Now, to simplify calculating r(2) and eventually r(n), we need to see which equations that applied to the circle with radius r(1) also apply to the circle with radius r(2), and it immediately stands out to us that the only difference between the circle with radius r(1) and the rest of the circles is [Equation 2].
Figure 7 shows this fact in a very succinct manner using blue line segments. [Equation 2] is replaced by a relation between r(2) and r(1) and, in the general case, a recurrence relation between r(n) and r(n-1). I use x(n) and y(n) below to denote the x- and y-coordinate of the centre of the circle with radius r(n).
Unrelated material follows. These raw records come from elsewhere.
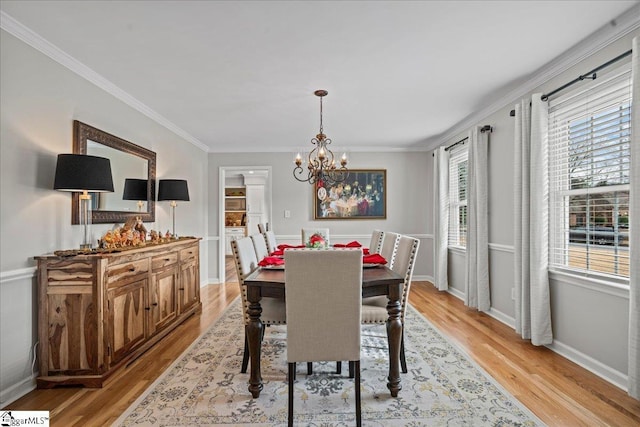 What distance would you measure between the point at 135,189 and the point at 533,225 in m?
3.97

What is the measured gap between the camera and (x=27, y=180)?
2.34 metres

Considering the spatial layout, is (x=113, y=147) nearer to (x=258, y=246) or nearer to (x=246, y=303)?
(x=258, y=246)

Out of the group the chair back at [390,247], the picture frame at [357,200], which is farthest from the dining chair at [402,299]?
the picture frame at [357,200]

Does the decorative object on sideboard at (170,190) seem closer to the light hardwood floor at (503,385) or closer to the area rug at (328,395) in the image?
the light hardwood floor at (503,385)

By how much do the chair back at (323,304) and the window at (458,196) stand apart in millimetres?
3354

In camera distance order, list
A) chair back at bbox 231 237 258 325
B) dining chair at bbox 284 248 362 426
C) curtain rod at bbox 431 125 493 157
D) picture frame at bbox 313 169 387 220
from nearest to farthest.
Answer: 1. dining chair at bbox 284 248 362 426
2. chair back at bbox 231 237 258 325
3. curtain rod at bbox 431 125 493 157
4. picture frame at bbox 313 169 387 220

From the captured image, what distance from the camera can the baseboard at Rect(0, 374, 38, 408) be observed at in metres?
2.11

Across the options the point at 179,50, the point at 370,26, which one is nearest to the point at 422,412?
the point at 370,26

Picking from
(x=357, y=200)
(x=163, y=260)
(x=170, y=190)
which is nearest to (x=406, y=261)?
(x=163, y=260)

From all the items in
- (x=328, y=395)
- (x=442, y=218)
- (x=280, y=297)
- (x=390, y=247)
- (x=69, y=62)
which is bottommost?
(x=328, y=395)

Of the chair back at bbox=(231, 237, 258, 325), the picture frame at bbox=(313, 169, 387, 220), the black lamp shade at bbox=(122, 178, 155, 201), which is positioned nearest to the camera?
the chair back at bbox=(231, 237, 258, 325)

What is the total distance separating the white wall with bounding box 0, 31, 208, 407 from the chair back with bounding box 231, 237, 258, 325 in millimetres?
1353

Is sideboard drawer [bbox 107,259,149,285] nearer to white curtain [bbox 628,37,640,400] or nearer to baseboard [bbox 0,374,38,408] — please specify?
baseboard [bbox 0,374,38,408]

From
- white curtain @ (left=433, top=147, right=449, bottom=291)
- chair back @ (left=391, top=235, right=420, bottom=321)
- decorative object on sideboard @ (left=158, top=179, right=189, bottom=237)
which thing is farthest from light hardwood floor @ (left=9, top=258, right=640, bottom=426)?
white curtain @ (left=433, top=147, right=449, bottom=291) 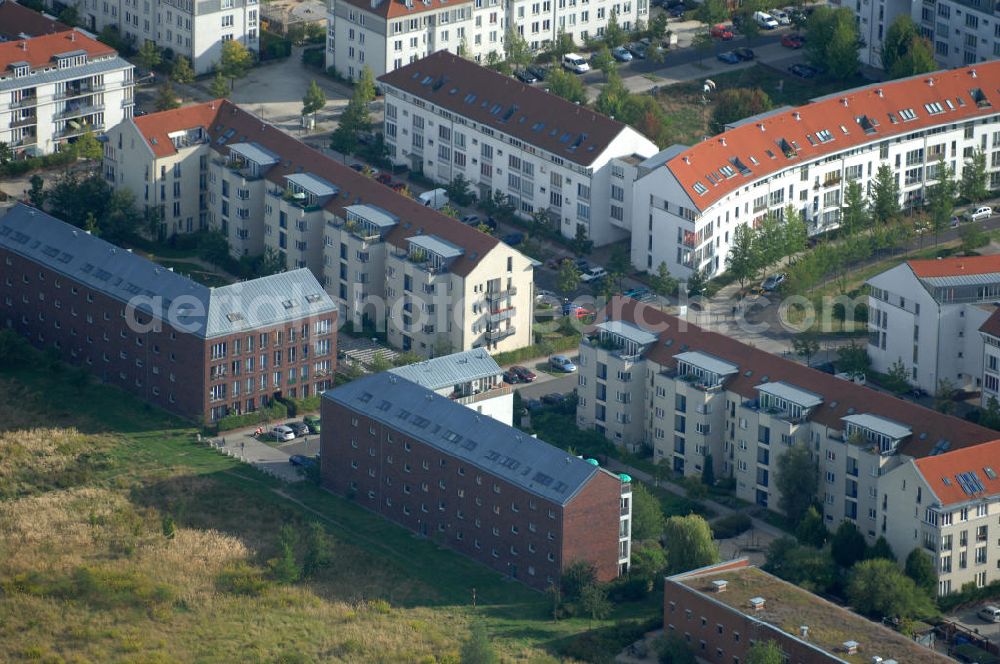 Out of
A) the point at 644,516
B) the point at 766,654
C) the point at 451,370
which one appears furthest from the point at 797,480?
the point at 451,370

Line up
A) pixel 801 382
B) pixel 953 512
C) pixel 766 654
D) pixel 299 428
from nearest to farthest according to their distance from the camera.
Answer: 1. pixel 766 654
2. pixel 953 512
3. pixel 801 382
4. pixel 299 428

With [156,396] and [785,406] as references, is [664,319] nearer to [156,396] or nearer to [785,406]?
[785,406]

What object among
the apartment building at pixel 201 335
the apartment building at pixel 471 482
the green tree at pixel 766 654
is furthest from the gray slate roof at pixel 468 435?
the green tree at pixel 766 654

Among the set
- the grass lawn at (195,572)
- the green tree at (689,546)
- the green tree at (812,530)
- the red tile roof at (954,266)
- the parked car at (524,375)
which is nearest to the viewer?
the grass lawn at (195,572)

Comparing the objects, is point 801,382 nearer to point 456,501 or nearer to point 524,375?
point 456,501

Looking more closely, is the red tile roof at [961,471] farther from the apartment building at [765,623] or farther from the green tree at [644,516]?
the green tree at [644,516] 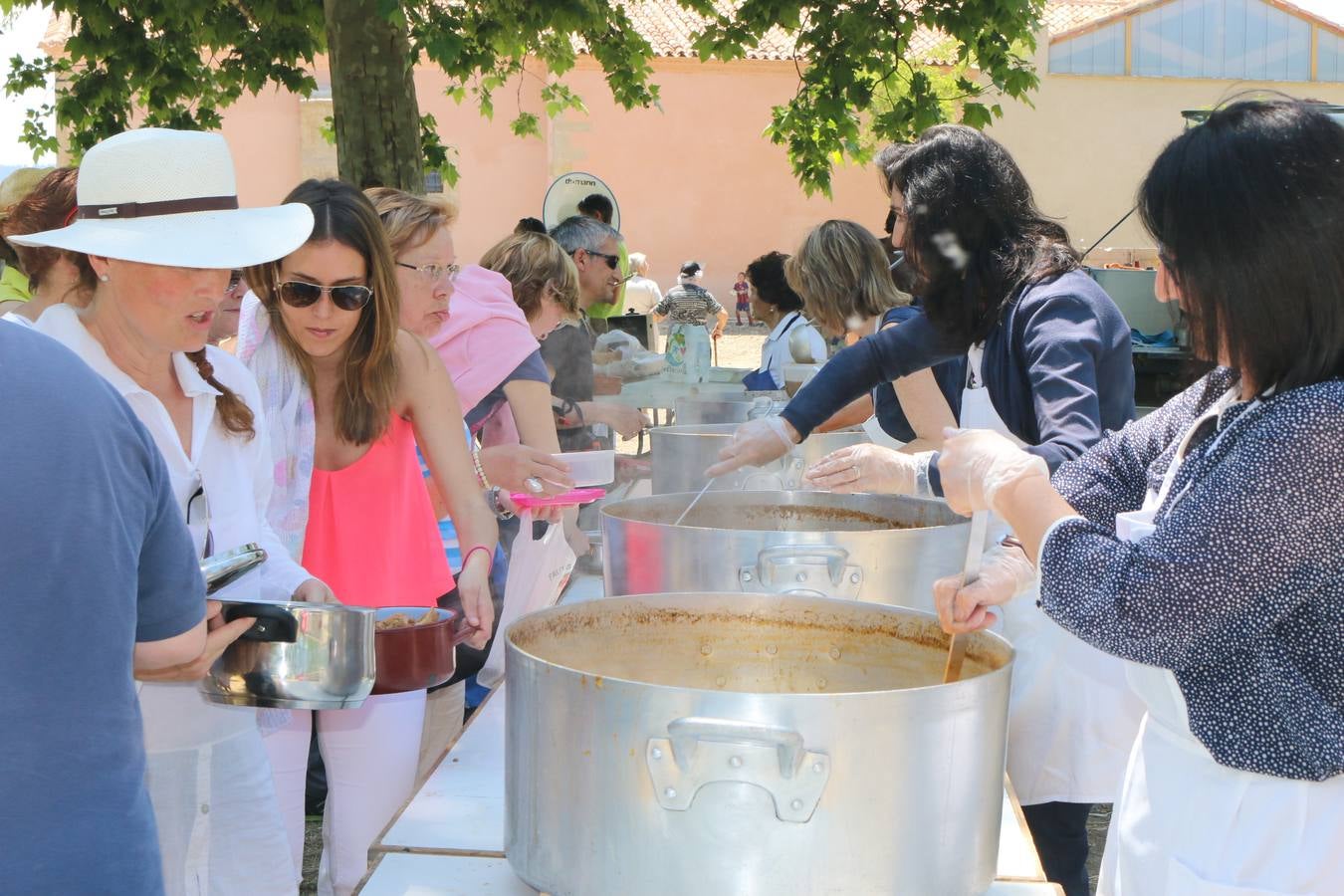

Let’s call this new equation [Equation 4]:
(r(1) + r(2))^2 = (x(1) — x(2))^2 + (y(1) — y(2))^2 [Equation 4]
The other two equations are as follows (in heavily simplified form):
4(r(2)) — 8(r(2))^2 = (y(2))^2 [Equation 5]
x(2) = 3(r(2)) [Equation 6]
Substituting [Equation 5] and [Equation 6] into [Equation 4] yields the following:
(r(1) + r(2))^2 — (3*r(1) — 3*r(2))^2 = (sqrt(4*r(1) — 8*r(1)^2) — sqrt(4*r(2) — 8*r(2)^2))^2
One round of heavy simplification yields the following:
r(1) + r(2) — 5*r(1)*r(2) = 2*sqrt((r(1) — 2*r(1)^2) * (r(2) — 2*r(2)^2))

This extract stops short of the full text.